*What to produce*: Here the job is to copy the data exactly and to exclude every image from it.

*Given data*:
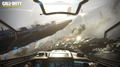 Call of Duty: Infinite Warfare [Legacy Edition] thumbnail 8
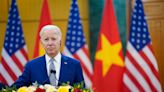 Vietnam and the limits of Communist friend-shoring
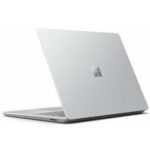 Portátil Microsoft Surface Go 3 i5-1235U 16GB 256GB 12.45" Touch W11H Platinum - Image 7
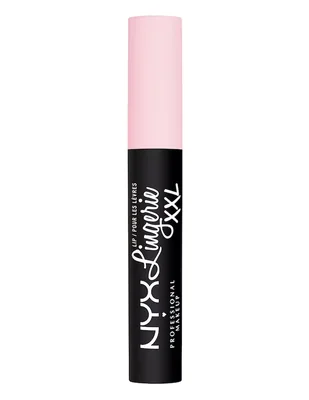 Labial mate Lip Lingerie Xxl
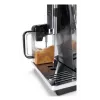 De’Longhi PrimaDonna Elite Experience cafetera superautomática 2 L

*Solution for this exercise*:
 Call of Duty: Infinite Warfare [Legacy Edition] thumbnail 8
 Vietnam and the limits of Communist friend-shoring
 Portátil Microsoft Surface Go 3 i5-1235U 16GB 256GB 12.45" Touch W11H Platinum - Image 7
 Labial mate Lip Lingerie Xxl
 De’Longhi PrimaDonna Elite Experience cafetera superautomática 2 L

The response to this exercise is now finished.